If you test your content with made-up questions, you might have a false sense of security that your solution will be successful. Worse, you might waste time optimizing your content to answer the made-up questions and your RAG solution still fails to answer real user questions well.
Adaptation
For content design teams, adapting our process for the age of RAG might look something like this:
- Traditional content design approach before: Anticipating that users of the carbonWrite 9000 pencil will wonder whether the pencil works on surfaces other than paper, a writer might include the following statement in the documentation: “… you can use the pencil to write and draw on a variety of surfaces.”
- Question-driven content design: During an online workshop demonstrating how to use the carbonWrite 9000 pencil, the writer makes a list of questions that workshop attendees ask about writing surfaces. Also, the writer monitors the popular online user community, All things pencil, collecting questions about writing surfaces. The writer tests that the carbonWrite 9000 pencil documentation can answer those real user questions, and makes any content changes needed.
Example test (part 2)
Here’s another attempt to answer the supported-writing-surfaces question, after a minor content update (underlined in red) is made to the carbonWrite 9000 documentation. Now, a helpful answer is returned:
Automation
It is not sustainable to try to do that question collecting and content testing manually. New workflows, tools, and automation need to be created. For example:
- To collect questions from the workshop mentioned above, the writer could automatically extract questions from the workshop transcript. Here is a sample notebook demonstrating how to classify a given sentence as a question: Python notebook in GitHub
- To collect questions from a user community, the writer could use an API (for example, the popular platform Stack Overflow has such an API)

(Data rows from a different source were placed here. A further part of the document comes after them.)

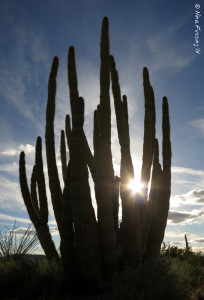 Backlit organ pipe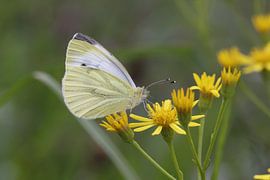 Vlinder van t de bruin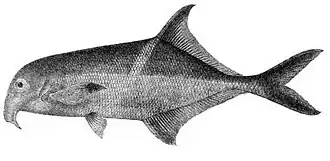 Campylomormyrus alces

- To test whether documentation can answer collected user questions, the writer could submit the questions to their product RAG solution and review the answers. Here is a sample notebook demonstrating various ways to automatically compare run-time results with expected answers: Python notebook in GitHub
- Another way to test whether documentation can answer known questions is to use a backwards approach: Generate questions from the content, and then compare those questions to the known questions. Here’s a notebook demonstrating this technique: Python notebook in GitHub
Conclusion
In the past, creating product documentation has sometimes been viewed as an unfortunate, necessary cost to the business. Now, that same content is suddenly crucially important, because everyone is clamoring for RAG and content is the fuel on which RAG solutions run.
The traditional content design approach doesn’t guarantee RAG success. Content design teams must add a new step to their process: Test whether content answers real user questions.
Content teams must invest in automation to streamline the new work.
Adapting to change can be difficult.